With all the chemistry and reinforcements, Phil Jackson strongly believes the Lakers can beat their nemesis, delighted to have another shot at the Celtics and expunge sorrow and heartbreaking memories, presumably by winning it again. In the meantime, Kevin Garnett disappeared and tried to dunk, but failed to convert twice on uncontested attempts.
Most can recall when he used to be the renowned forward in the league and was clearly known for his turnaround jumpers and defensive force, but now is gradually declining in touches and making shots. He stands on wobbly knees, wearing ankle weights and obviously looks slower than two seasons ago when he shouted to the heavens after winning his first championship that “ANYTHING IS POSSIBLE!”
As it turns out, it seems highly impossible to win, especially when Gasol is defending and contesting every shot. He’s quicker than Garnett, establishing a post presence and becoming a shot blocker in the middle, no longer described as GaSoft. Remember, he was the scapegoat when the Lakers collapsed miserably to the Celtics two years ago, and condemned for his softness and incertitude. There’s no doubt that Gasol was the difference in Garnett’s faltering, coming in a competition Bryant scored 30 points and defensive specialist Artest handled the truth.

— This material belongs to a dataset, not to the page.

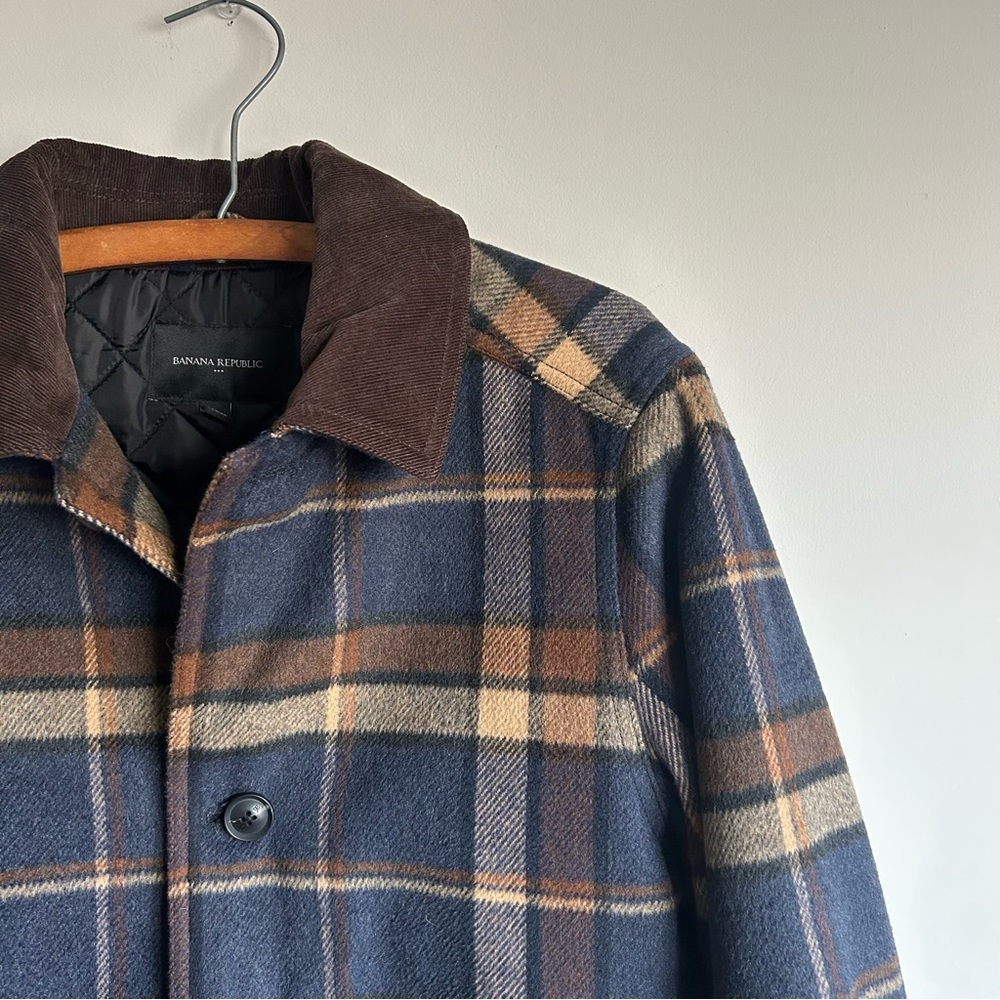 Banana Republic Factory Corduroy Collar Plaid Jacket Mens S Navy Brown - Picture 2 of 5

But as the spectators viewed from the stands, Boston’s sensational and mellowing point guard Rajon Rondo was a non-factor, and never really was involved in the offense. Whether it was rust or just a poor night, the Celtics will need the floor general to bring the intensity and return to regular form in Game 2.
He’s an essential piece to Boston’s functional offense, but whenever he has an off night the entire team tends to frail. It’s obvious that he creates and inspires the offense with his exceptional pocket passes and drives to the basket, setting up the brilliant offensive play. As for the Lakers, Gasol was the ripple-effect, scoring 28 points on 8 for 14 shooting and earned a trip to the foul line 10 times and led with 14 rebounds.
“Pau is the guy that has to be part of the scoring combo with Kobe. So he has to provide some of that for us in this series against probably one of the top defenders in the game,” said Jackson.
If the Lakers continue to play physical and assertively, then they’ll win the series. Turns out we were skeptical of the Lakers’ tenacity.